Pijpen FEITJES

  

  

  

  

  

  

  

  

  

  

  

  

Getalmerk 5 (Cincq) op het hieltje

Ia het eerst van de 17e eeuw rookte men nog uit korte pijpjes met kleine koppen en dikke stelen.
De koppen waren in 1640 reeds groter en de stelen dunner geworden, maar de pijpen bleven nog kort.
Van Diemenbroek zou, in het midden der 17e eeuw, een betoog geschreven hebben om te bewijzen,
dat pijpen met lange stelen minder nadelig voor de gezondheid zouden zijn dan die met korte,
als zullen de rook in de eerste beter bekoelen en de oliedelen meer wegtrekken in de poreuse pijpaarde.

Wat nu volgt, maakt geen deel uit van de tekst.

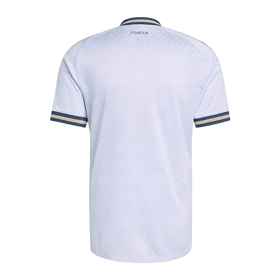 Men's Italy 2026 Away World Cup Shirt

Zeker is, dat de eerste fabriek van lange pijpen te Gouda is opgericht tussen 1655 en 1660, zo niet door,
ten minste op aanmoediging van mr. Govert Cincq, burgemeester dezer gemeente (Gouda) en
zwager van Van Diemenbroek.
Nog lang daarna werd ter gedachtenis aan deze heer, het getalmerk 5 (cincq)
op het hieltje der lange Goudsche pijpen geplaatst.
Sedert dien tijd zijn de lange Goudsche pijpen algemeen
in gebruik geraakt en omstreeks 1663 heeft men te Amsterdam het eerst een order gesteld op de pijpenmarkt.

Tussen 1720 en 1851 vonden te Gouda ongeveer 16.000 mensen hun bestaan bjj het pijpenmaken.

In 1751 waren er nog 374 pijpenmakersbazen, leden van het gild, en in elke fabriek werden wekelijks
28.000 tot 36.000 pijpen vervaardigd.